As NIST’s curves have recently been accused of being insecure [9] a new ECC-based signature algorithm named Ed25519 was introduced [10]. The underlying curve used in Ed25519 signature is bi-rationally equivalent to the curve Curve25519 [8] and is currently en route to standardization [58]. Therefore, we as well implemented Ed25519 [49] to prove its usability in Contiki [6, 62]. We evaluated the total performance and power consumption loss of sending ECC signed messages, which also tripled the message size, on IoT devices to be about 300\(\%\) [62].

However, there is still room for optimisation for both the IoT hardware and for Contiki.

DC-net

In the following we present our proof-of-concept implementation. We also integrated some of the improvements suggested in [93, 94]. The feasibility of our implementation is discussed in [5].

As mentioned in [36], there should be an entry burden for newly connecting nodes to reduce the risk of Sybil attacks. For attacker nodes who are already in the DC-net this adds a penalty if they get detected and kicked out of the DC-net, since reconnecting (maybe with another identity) is more costly. This is especially important, because in many IoT and WSN environments, such as Smart Cities, attackers cannot be easily located and removed. Each new node that enters the network has to establish secrets with all other nodes. This can be done using the Diffie–Hellman key exchange. Such key exchange based on elliptic curve cryptography making use of ECDH can be done efficiently with the MicroECCFootnote 22 library. Note that we did not implement the entry protocol in our proof-of-concept implementation. In the prototype, there are currently only two RE-Mote nodes with hardcoded shared secrets.

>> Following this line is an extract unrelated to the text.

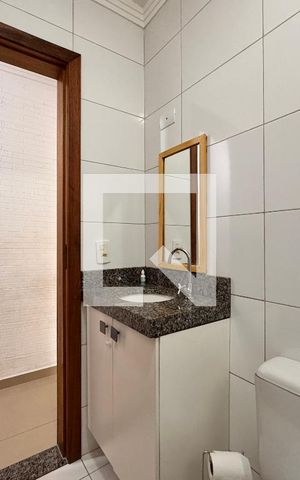 Apartamento à venda com 58m², 2 quartos e 1 vaga Apartamento à venda com 58m², 2 quartos e 1 vagaBanheiro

In contrast to the original protocol, we implemented important optimisations for the message exchange:

Instead of sending 1 bit messages in every message round, we exchange messages with an increased payload of 7 bytes. This is done by carrying multiple message rounds in only one broadcast packet in the “sending vector”. The prototype currently uses four message rounds per packet, which is a rather arbitrary number that needs to be optimized in future. This permits the receiver to spend less effort on putting together the individual messages from the clients. A message round is a single round, where each participant commits the combination of its shared secrets and where one single client sends its communication payload. Another optimisation is that we exchange multiple messages within a single 802.15.4 frame, to utilise the network more efficiently. In total, this significantly decreases effort for the recipient to reassemble the individual messages from the other member in the network.

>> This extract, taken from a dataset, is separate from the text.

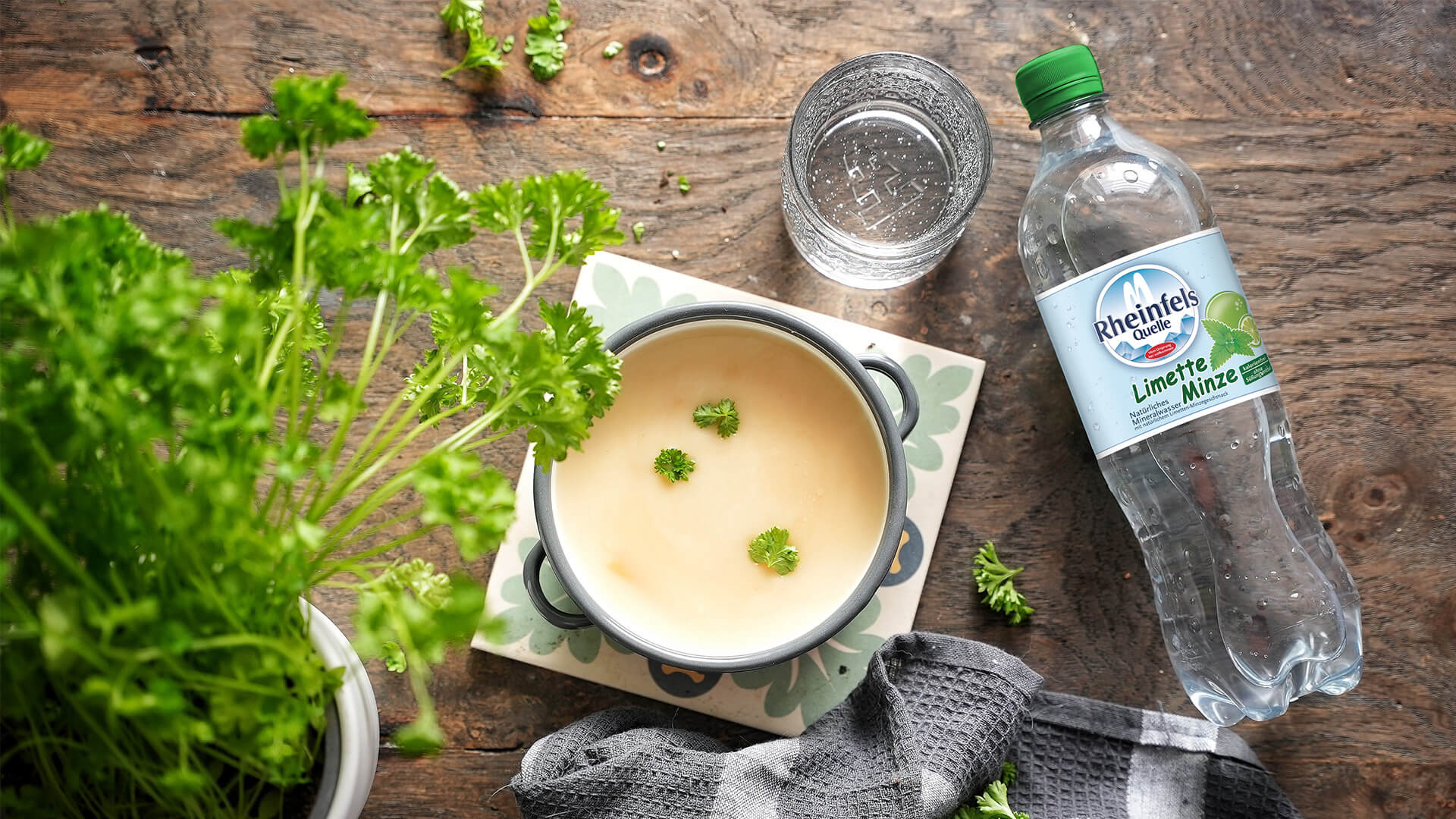 Spargelcremesuppe mit einer Rheinfels Quelle Limette-Minze Flasche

In the time of writing, our prototype does not utilise a TCP or a UDP stack. Instead, it builds upon the RIME [27] stack, which is a network stack of the Contiki OS [28] with very low overhead. RIME itself offers different layers with certain services, but our prototype uses solely the “anonymous broadcast” layer, which offers the required broadcast service. This RIME layer builds directly upon 802.15.4, which permits a node to send 127 bytes at most. Therefore, it increases the efficiency in terms of energy consumption and overhead by utilising the packets as well as possible. Instead of transporting only one message round per packet (i.e., 1 bit), multiple message rounds are carried in only one broadcast packet in the “sending vector”. The prototype currently uses four message rounds per packet, but this is a rather arbitrary number that needs to be optimized in future.

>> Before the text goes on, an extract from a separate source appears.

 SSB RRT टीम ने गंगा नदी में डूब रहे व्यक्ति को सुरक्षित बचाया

In every message round, every participant commits his local message by combining its shared secrets with the payload. But in contrast to the initial DC-net protocol with single bits and the XOR operation, an Abelian group G modulo a prime p is used, improvements by Waidner and Pfitzmann [93, 94]. For this first proof of concept, we decided to choose 8 bytes for the message size. The biggest prime that can be expressed in 8 bytes is 18, 446, 744, 073, 709, 551, 557. Rounded down to 7 bytes, every message payload with 7 bytes can be encoded as a number n with \(n \in G(\mathbb {N}/18,446,744,073,709,551,557\mathbb {N}, +)\). An Abelian group modulo a prime was chosen as it allows to easily calculate the inverse of a number \(n: n^{-1} = p - n\). Now, considering two participants A and B with the shared secret \(s \in G(\mathrm {N}/p\mathrm {N}, +)\) and A actively sending the number \(n \in G\), the global sum is calculated as follows:

$$\begin{aligned}&( {\text {Local}}_{A} + {\text {Local}}_{B})~\mod p \nonumber \\&\quad = ((s + n) + (s^{-1} + 0))~\mod p \nonumber \\&\quad = (s + s^{-1} + 0 + n)~\mod p \nonumber \\&\quad = n \end{aligned}$$
(3)

The reservation is done with the reservation map technique described in [94], based on superposed sending using the same Abelian group previously described. Each client who wants to send messages randomly chooses positions in the reservation vector and indicates this by setting the specific positions to 1. All other positions are set to 0. Nodes that do not want to send messages send an empty reservation vector with zeros in all positions. Afterwards, every node applies its shared secrets to all slots. Each client broadcasts this vector through the network and receives the reservation vectors from all other clients. After every client has received all reservation vectors, it sums the vectors component together. Afterwards, positions in the vector with value 0 mean: no reservation, positions with value 1 mean: successful reservation of exactly one node and positions with value \(> 1\) indicate a collision. The reservation vector consists of a single magic byte at the beginning indicating that this is a reservation vector and four 8 byte slots containing the reservation number.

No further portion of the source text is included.